[[ DATA FOR THIS EXERCISE open ]]

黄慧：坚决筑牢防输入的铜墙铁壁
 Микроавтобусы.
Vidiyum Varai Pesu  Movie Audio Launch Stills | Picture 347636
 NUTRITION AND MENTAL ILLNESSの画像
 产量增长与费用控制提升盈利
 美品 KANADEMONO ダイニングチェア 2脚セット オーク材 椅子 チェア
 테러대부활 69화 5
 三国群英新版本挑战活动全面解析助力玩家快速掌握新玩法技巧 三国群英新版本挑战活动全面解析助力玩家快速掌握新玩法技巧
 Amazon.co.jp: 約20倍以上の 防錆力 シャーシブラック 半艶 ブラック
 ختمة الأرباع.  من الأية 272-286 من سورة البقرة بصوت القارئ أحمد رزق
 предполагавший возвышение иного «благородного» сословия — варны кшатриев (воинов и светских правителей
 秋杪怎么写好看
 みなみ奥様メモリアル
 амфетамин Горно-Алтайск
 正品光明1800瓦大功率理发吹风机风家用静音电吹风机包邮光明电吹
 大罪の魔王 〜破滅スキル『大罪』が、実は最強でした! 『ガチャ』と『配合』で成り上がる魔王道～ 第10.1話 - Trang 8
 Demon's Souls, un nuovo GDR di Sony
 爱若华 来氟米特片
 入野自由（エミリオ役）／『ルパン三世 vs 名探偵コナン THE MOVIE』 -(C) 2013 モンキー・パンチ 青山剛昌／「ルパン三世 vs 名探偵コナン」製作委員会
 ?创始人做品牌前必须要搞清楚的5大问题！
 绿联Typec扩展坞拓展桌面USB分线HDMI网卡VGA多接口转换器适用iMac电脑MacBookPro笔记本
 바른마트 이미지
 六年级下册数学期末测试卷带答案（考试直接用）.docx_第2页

[[ DATA FOR THIS EXERCISE closed ]]

[WHAT YOU WILL DO] Print each entry precisely. Include every line.

[OUTPUT FOR THIS TASK]
黄慧：坚决筑牢防输入的铜墙铁壁
 Микроавтобусы.
Vidiyum Varai Pesu  Movie Audio Launch Stills | Picture 347636
 NUTRITION AND MENTAL ILLNESSの画像
 产量增长与费用控制提升盈利
 美品 KANADEMONO ダイニングチェア 2脚セット オーク材 椅子 チェア
 테러대부활 69화 5
 三国群英新版本挑战活动全面解析助力玩家快速掌握新玩法技巧 三国群英新版本挑战活动全面解析助力玩家快速掌握新玩法技巧
 Amazon.co.jp: 約20倍以上の 防錆力 シャーシブラック 半艶 ブラック
 ختمة الأرباع.  من الأية 272-286 من سورة البقرة بصوت القارئ أحمد رزق
 предполагавший возвышение иного «благородного» сословия — варны кшатриев (воинов и светских правителей
 秋杪怎么写好看
 みなみ奥様メモリアル
 амфетамин Горно-Алтайск
 正品光明1800瓦大功率理发吹风机风家用静音电吹风机包邮光明电吹
 大罪の魔王 〜破滅スキル『大罪』が、実は最強でした! 『ガチャ』と『配合』で成り上がる魔王道～ 第10.1話 - Trang 8
 Demon's Souls, un nuovo GDR di Sony
 爱若华 来氟米特片
 入野自由（エミリオ役）／『ルパン三世 vs 名探偵コナン THE MOVIE』 -(C) 2013 モンキー・パンチ 青山剛昌／「ルパン三世 vs 名探偵コナン」製作委員会
 ?创始人做品牌前必须要搞清楚的5大问题！
 绿联Typec扩展坞拓展桌面USB分线HDMI网卡VGA多接口转换器适用iMac电脑MacBookPro笔记本
 바른마트 이미지
 六年级下册数学期末测试卷带答案（考试直接用）.docx_第2页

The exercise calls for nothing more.